Each rotation trains on k−1 folds and validates on the held-out fold; scores are averaged.


Hyperparameter tuning

Method Efficiency Parallelization Convergence notes
Grid search Poor in high dimensions Embarrassingly parallel Exhaustive only for small spaces
Random search Often better than grid per eval Easy parallel No principled stop
Bayesian optimization (Optuna, Hyperopt) Sample-efficient Parallel trials with batches Needs enough signal per trial
Early stopping Saves compute for iterative learners Built into boosting / NN loops Tune patience; watch validation leakage

Model comparison: statistical vs practical significance

Approach Role
Paired t-test / Wilcoxon Compare fold-wise or instance-wise scores across models
McNemar Paired disagreements on classification outcomes
Bayesian comparison Posterior over “probability model A wins” — useful under few runs

A statistically significant 0.1% gain may be practically irrelevant if latency, cost, or interpretability regress. Always tie back to Business Understanding criteria (see crisp-dm.md).
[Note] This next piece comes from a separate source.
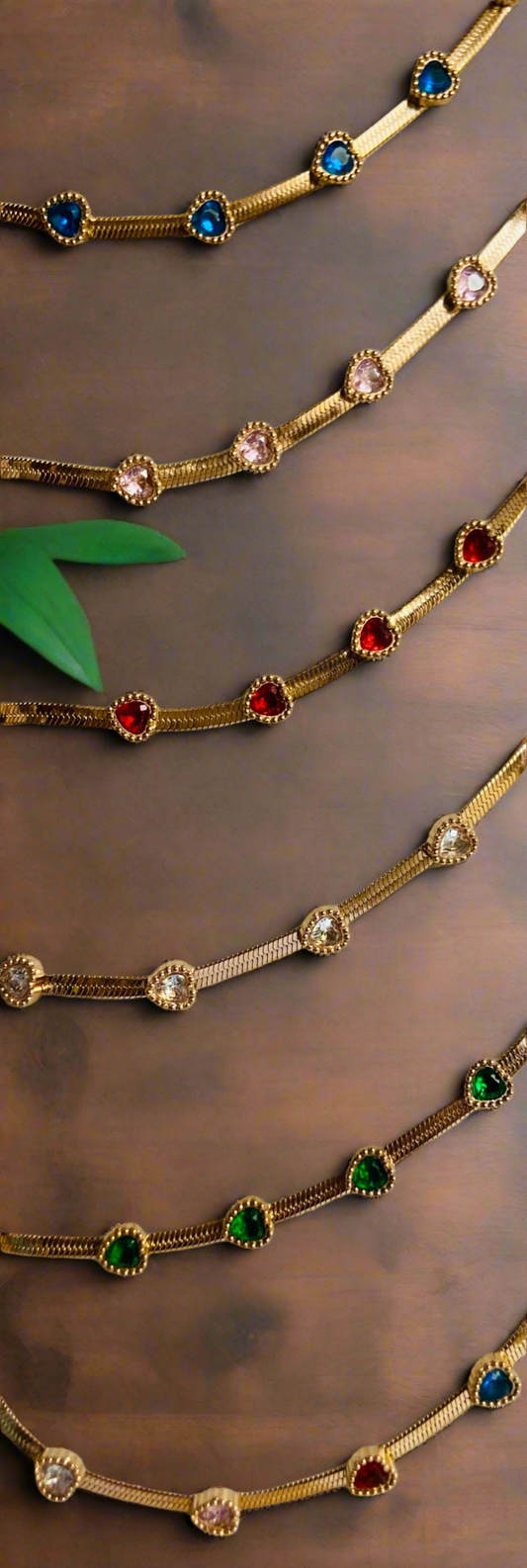 Anti tarnish multi heart stone snake bracelet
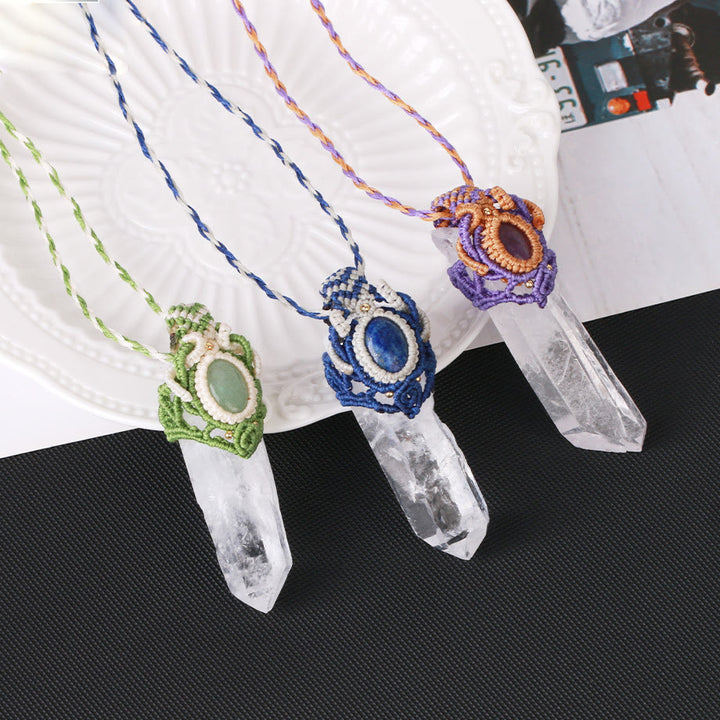 Collier pendentif en pierre naturelle tressée en quartz clair Olivenorma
Fairness metrics (overview)

Metric Idea Typical use case
Demographic parity Positive rate similar across groups Equal selection rates
Equalized odds TPR/FPR similar across groups Balance errors across groups
Calibration Predicted probabilities match outcomes per group Risk scores, lending, medicine
Individual fairness Similar individuals treated similarly Hard to operationalize; needs meaningful distance metric

Fairness metrics conflict in general — choosing one is a policy decision, not purely technical.


Explainability methods

Method Scope Agnostic? Notes
SHAP Local + global aggregates Model-agnostic (with appropriate explainers) Shapley-based attributions
LIME Local Yes Perturbation around instance
Partial dependence Global marginal effects Usually model-agnostic Assumes feature independence (watch correlated features)
Feature importance Global Tree-native or permutation Can hide interaction effects
Attention weights Local (tokens/regions) Transformer-specific Not always faithful “explanation”

Model selection trade-offs

Criterion Question
Accuracy / calibration Does it meet metric bars on valid slices?
Interpretability Can operators trust and debug it?
Latency p50/p99 within SLA?
Cost Training + inference $ acceptable?

Treat these as a constraint satisfaction problem: hard gates (latency, compliance) then optimize within the feasible set.


Production evaluation patterns

Pattern Idea Comparison
A/B test Split users; compare KPIs Gold standard for causal product impact; needs power
Shadow mode New model scores but does not act Safe comparison of distributions
Interleaving Interleave ranked lists Sensitive ranking comparison
Bandits Allocate traffic by ongoing performance Exploration vs exploitation

Anti-patterns

Anti-pattern Why it hurts
Single metric obsession Hides harm to subgroups or rare failures
Leakage in validation Same preprocessing fit on all data; group leakage
Overfitting the validation set Repeated peeking drives hyperparameters to noise
Ignoring fairness Legal, ethical, and product risk

External references

  • scikit-learn metrics — classification, regression, scoring API.
  • Zheng — Evaluating Machine Learning Models — offline vs online evaluation framing.
  • Barocas, Hardt, Narayanan — Fairness and Machine Learning — limitations of metrics.
  • SHAP documentation — explainers and plots.

Keep project-specific model documentation in docs/product/ and experiment logs in docs/development/, not in this file.